* **Problem details**: First find the line with "Gluconeogenesis inhibit stimulate" in the entries below, then set down exactly every line through the line with "Glycogen synthesis activate inhibit", that line included.

───── Task inputs ─────

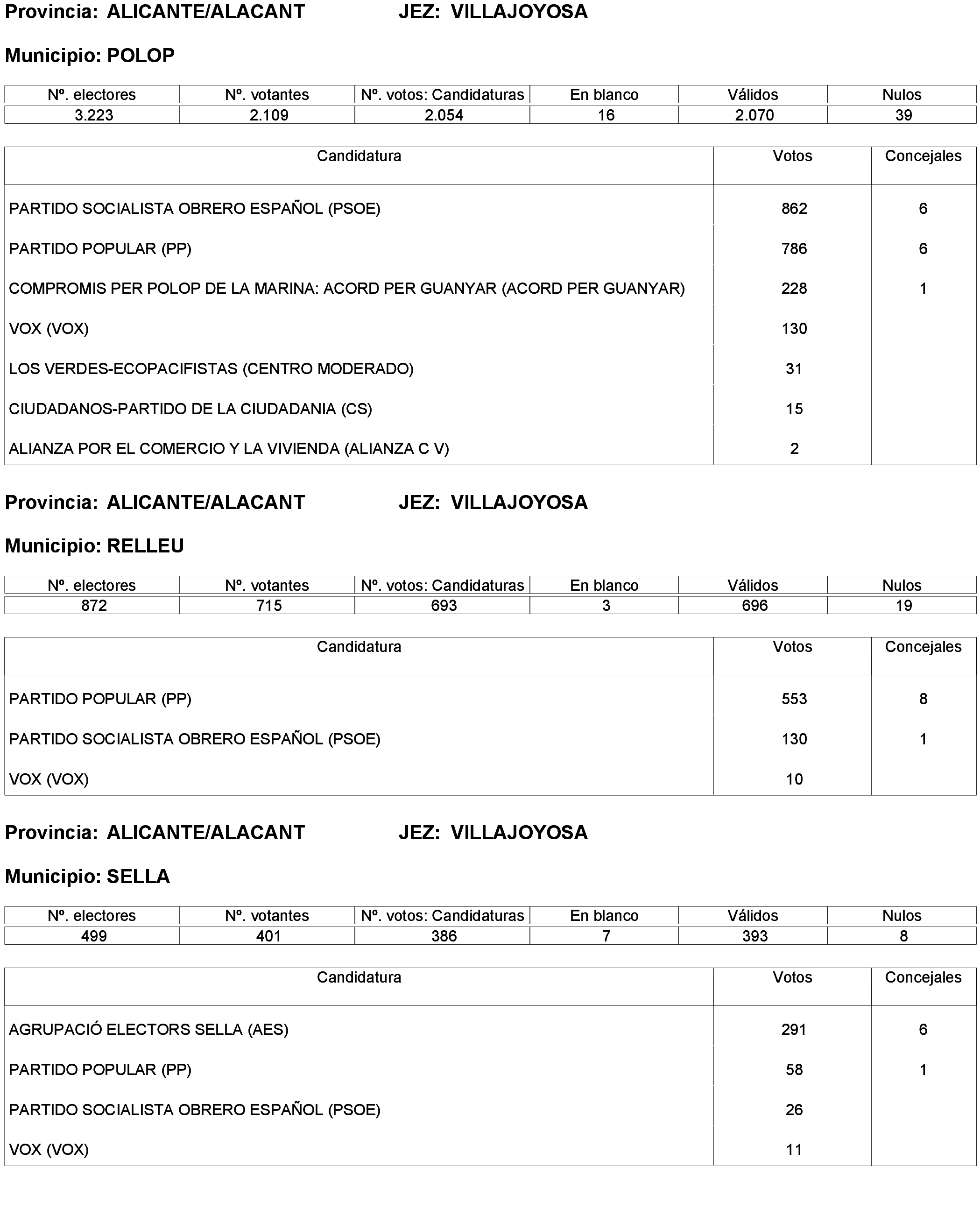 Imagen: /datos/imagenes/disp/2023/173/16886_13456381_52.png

─────
───── Task inputs ─────

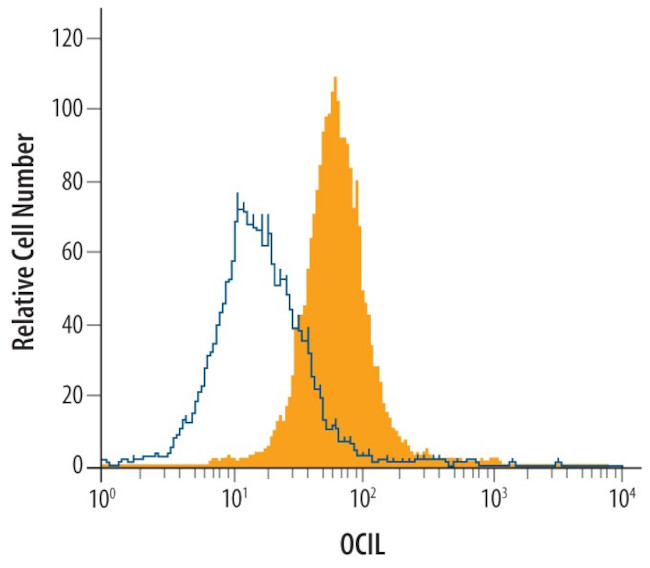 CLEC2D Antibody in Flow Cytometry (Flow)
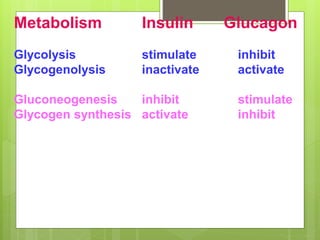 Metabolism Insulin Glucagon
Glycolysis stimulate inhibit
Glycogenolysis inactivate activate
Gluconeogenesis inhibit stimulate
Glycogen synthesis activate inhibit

─────

* **Written reply**:
Gluconeogenesis inhibit stimulate
Glycogen synthesis activate inhibit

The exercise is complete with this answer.